Start of EXERCISE MATERIALS

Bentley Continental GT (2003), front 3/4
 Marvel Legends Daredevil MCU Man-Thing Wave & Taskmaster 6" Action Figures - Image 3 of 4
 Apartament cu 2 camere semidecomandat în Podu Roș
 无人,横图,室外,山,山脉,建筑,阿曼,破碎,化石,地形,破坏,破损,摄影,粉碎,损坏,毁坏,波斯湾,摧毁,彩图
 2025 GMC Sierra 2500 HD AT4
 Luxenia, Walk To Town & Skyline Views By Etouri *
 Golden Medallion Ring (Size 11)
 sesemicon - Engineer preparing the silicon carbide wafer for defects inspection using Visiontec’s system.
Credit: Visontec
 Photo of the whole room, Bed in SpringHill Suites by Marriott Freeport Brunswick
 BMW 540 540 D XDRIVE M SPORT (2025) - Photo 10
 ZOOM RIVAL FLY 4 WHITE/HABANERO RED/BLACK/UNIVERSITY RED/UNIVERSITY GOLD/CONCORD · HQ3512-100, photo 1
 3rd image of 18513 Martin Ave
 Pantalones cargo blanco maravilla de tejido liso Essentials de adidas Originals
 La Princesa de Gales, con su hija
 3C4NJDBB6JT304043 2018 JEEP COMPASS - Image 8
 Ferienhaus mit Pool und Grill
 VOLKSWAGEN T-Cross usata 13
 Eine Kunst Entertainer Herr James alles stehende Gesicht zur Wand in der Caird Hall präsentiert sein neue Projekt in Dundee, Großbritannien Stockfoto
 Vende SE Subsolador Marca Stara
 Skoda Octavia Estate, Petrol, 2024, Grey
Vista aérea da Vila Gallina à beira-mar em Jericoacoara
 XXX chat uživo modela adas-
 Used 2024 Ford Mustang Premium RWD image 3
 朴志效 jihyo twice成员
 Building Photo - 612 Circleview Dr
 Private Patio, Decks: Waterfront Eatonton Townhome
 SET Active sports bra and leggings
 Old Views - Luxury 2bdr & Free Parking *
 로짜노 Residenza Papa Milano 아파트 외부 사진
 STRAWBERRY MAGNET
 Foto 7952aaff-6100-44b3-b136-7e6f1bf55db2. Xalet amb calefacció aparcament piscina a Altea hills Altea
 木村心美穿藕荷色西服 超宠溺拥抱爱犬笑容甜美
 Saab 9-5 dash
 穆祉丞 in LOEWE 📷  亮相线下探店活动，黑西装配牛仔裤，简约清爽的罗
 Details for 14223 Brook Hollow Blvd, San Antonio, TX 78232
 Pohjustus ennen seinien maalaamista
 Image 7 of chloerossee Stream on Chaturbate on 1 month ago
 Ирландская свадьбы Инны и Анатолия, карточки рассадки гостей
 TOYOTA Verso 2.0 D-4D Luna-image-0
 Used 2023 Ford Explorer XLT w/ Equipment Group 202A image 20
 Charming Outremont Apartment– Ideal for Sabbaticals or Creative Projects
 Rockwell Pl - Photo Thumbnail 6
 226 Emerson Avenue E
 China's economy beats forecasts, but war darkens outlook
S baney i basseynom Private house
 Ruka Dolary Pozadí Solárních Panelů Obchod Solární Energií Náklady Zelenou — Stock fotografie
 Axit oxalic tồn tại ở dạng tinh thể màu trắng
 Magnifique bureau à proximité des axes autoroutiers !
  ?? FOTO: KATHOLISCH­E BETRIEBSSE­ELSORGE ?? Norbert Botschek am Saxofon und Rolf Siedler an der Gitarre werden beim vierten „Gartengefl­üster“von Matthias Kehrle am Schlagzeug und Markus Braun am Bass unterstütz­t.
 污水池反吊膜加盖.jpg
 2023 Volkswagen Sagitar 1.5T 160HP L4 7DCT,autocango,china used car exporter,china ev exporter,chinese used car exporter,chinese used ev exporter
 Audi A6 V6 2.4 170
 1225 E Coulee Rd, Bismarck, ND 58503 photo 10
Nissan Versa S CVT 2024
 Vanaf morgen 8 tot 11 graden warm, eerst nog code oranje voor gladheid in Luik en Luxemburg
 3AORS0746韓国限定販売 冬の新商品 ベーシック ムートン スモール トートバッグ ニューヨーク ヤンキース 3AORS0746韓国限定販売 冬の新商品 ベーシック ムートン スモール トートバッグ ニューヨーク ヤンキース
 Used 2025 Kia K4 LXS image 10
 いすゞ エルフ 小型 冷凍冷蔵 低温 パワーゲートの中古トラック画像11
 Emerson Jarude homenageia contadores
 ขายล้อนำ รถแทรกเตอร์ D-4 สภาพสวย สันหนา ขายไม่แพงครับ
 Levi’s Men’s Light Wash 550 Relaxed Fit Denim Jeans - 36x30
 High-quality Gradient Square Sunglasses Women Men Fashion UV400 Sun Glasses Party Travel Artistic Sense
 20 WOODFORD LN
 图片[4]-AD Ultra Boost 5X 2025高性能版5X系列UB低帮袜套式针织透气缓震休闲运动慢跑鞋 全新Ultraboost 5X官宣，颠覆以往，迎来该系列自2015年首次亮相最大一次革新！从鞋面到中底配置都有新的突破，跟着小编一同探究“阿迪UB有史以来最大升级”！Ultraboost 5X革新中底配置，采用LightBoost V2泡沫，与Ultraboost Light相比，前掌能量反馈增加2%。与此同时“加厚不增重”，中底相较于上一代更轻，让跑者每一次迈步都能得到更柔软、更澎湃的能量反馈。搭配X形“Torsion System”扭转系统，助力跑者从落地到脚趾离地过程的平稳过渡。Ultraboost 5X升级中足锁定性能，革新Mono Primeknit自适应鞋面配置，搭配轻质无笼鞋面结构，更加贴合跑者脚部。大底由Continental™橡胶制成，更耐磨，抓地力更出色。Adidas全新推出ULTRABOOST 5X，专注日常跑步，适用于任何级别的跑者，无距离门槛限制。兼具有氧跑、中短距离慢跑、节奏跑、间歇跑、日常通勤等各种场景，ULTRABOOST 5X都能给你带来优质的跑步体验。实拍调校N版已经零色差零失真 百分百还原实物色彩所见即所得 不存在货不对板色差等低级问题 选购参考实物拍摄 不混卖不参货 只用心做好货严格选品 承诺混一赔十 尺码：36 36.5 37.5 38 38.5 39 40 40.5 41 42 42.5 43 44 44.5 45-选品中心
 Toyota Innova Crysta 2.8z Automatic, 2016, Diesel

End of EXERCISE MATERIALS

PROMPT:
All of the records above are to be set down again exactly.

RESULT FOR THIS EXERCISE:
Bentley Continental GT (2003), front 3/4
 Marvel Legends Daredevil MCU Man-Thing Wave & Taskmaster 6" Action Figures - Image 3 of 4
 Apartament cu 2 camere semidecomandat în Podu Roș
 无人,横图,室外,山,山脉,建筑,阿曼,破碎,化石,地形,破坏,破损,摄影,粉碎,损坏,毁坏,波斯湾,摧毁,彩图
 2025 GMC Sierra 2500 HD AT4
 Luxenia, Walk To Town & Skyline Views By Etouri *
 Golden Medallion Ring (Size 11)
 sesemicon - Engineer preparing the silicon carbide wafer for defects inspection using Visiontec’s system.
Credit: Visontec
 Photo of the whole room, Bed in SpringHill Suites by Marriott Freeport Brunswick
 BMW 540 540 D XDRIVE M SPORT (2025) - Photo 10
 ZOOM RIVAL FLY 4 WHITE/HABANERO RED/BLACK/UNIVERSITY RED/UNIVERSITY GOLD/CONCORD · HQ3512-100, photo 1
 3rd image of 18513 Martin Ave
 Pantalones cargo blanco maravilla de tejido liso Essentials de adidas Originals
 La Princesa de Gales, con su hija
 3C4NJDBB6JT304043 2018 JEEP COMPASS - Image 8
 Ferienhaus mit Pool und Grill
 VOLKSWAGEN T-Cross usata 13
 Eine Kunst Entertainer Herr James alles stehende Gesicht zur Wand in der Caird Hall präsentiert sein neue Projekt in Dundee, Großbritannien Stockfoto
 Vende SE Subsolador Marca Stara
 Skoda Octavia Estate, Petrol, 2024, Grey
Vista aérea da Vila Gallina à beira-mar em Jericoacoara
 XXX chat uživo modela adas-
 Used 2024 Ford Mustang Premium RWD image 3
 朴志效 jihyo twice成员
 Building Photo - 612 Circleview Dr
 Private Patio, Decks: Waterfront Eatonton Townhome
 SET Active sports bra and leggings
 Old Views - Luxury 2bdr & Free Parking *
 로짜노 Residenza Papa Milano 아파트 외부 사진
 STRAWBERRY MAGNET
 Foto 7952aaff-6100-44b3-b136-7e6f1bf55db2. Xalet amb calefacció aparcament piscina a Altea hills Altea
 木村心美穿藕荷色西服 超宠溺拥抱爱犬笑容甜美
 Saab 9-5 dash
 穆祉丞 in LOEWE 📷  亮相线下探店活动，黑西装配牛仔裤，简约清爽的罗
 Details for 14223 Brook Hollow Blvd, San Antonio, TX 78232
 Pohjustus ennen seinien maalaamista
 Image 7 of chloerossee Stream on Chaturbate on 1 month ago
 Ирландская свадьбы Инны и Анатолия, карточки рассадки гостей
 TOYOTA Verso 2.0 D-4D Luna-image-0
 Used 2023 Ford Explorer XLT w/ Equipment Group 202A image 20
 Charming Outremont Apartment– Ideal for Sabbaticals or Creative Projects
 Rockwell Pl - Photo Thumbnail 6
 226 Emerson Avenue E
 China's economy beats forecasts, but war darkens outlook
S baney i basseynom Private house
 Ruka Dolary Pozadí Solárních Panelů Obchod Solární Energií Náklady Zelenou — Stock fotografie
 Axit oxalic tồn tại ở dạng tinh thể màu trắng
 Magnifique bureau à proximité des axes autoroutiers !
  ?? FOTO: KATHOLISCH­E BETRIEBSSE­ELSORGE ?? Norbert Botschek am Saxofon und Rolf Siedler an der Gitarre werden beim vierten „Gartengefl­üster“von Matthias Kehrle am Schlagzeug und Markus Braun am Bass unterstütz­t.
 污水池反吊膜加盖.jpg
 2023 Volkswagen Sagitar 1.5T 160HP L4 7DCT,autocango,china used car exporter,china ev exporter,chinese used car exporter,chinese used ev exporter
 Audi A6 V6 2.4 170
 1225 E Coulee Rd, Bismarck, ND 58503 photo 10
Nissan Versa S CVT 2024
 Vanaf morgen 8 tot 11 graden warm, eerst nog code oranje voor gladheid in Luik en Luxemburg
 3AORS0746韓国限定販売 冬の新商品 ベーシック ムートン スモール トートバッグ ニューヨーク ヤンキース 3AORS0746韓国限定販売 冬の新商品 ベーシック ムートン スモール トートバッグ ニューヨーク ヤンキース
 Used 2025 Kia K4 LXS image 10
 いすゞ エルフ 小型 冷凍冷蔵 低温 パワーゲートの中古トラック画像11
 Emerson Jarude homenageia contadores
 ขายล้อนำ รถแทรกเตอร์ D-4 สภาพสวย สันหนา ขายไม่แพงครับ
 Levi’s Men’s Light Wash 550 Relaxed Fit Denim Jeans - 36x30
 High-quality Gradient Square Sunglasses Women Men Fashion UV400 Sun Glasses Party Travel Artistic Sense
 20 WOODFORD LN
 图片[4]-AD Ultra Boost 5X 2025高性能版5X系列UB低帮袜套式针织透气缓震休闲运动慢跑鞋 全新Ultraboost 5X官宣，颠覆以往，迎来该系列自2015年首次亮相最大一次革新！从鞋面到中底配置都有新的突破，跟着小编一同探究“阿迪UB有史以来最大升级”！Ultraboost 5X革新中底配置，采用LightBoost V2泡沫，与Ultraboost Light相比，前掌能量反馈增加2%。与此同时“加厚不增重”，中底相较于上一代更轻，让跑者每一次迈步都能得到更柔软、更澎湃的能量反馈。搭配X形“Torsion System”扭转系统，助力跑者从落地到脚趾离地过程的平稳过渡。Ultraboost 5X升级中足锁定性能，革新Mono Primeknit自适应鞋面配置，搭配轻质无笼鞋面结构，更加贴合跑者脚部。大底由Continental™橡胶制成，更耐磨，抓地力更出色。Adidas全新推出ULTRABOOST 5X，专注日常跑步，适用于任何级别的跑者，无距离门槛限制。兼具有氧跑、中短距离慢跑、节奏跑、间歇跑、日常通勤等各种场景，ULTRABOOST 5X都能给你带来优质的跑步体验。实拍调校N版已经零色差零失真 百分百还原实物色彩所见即所得 不存在货不对板色差等低级问题 选购参考实物拍摄 不混卖不参货 只用心做好货严格选品 承诺混一赔十 尺码：36 36.5 37.5 38 38.5 39 40 40.5 41 42 42.5 43 44 44.5 45-选品中心
 Toyota Innova Crysta 2.8z Automatic, 2016, Diesel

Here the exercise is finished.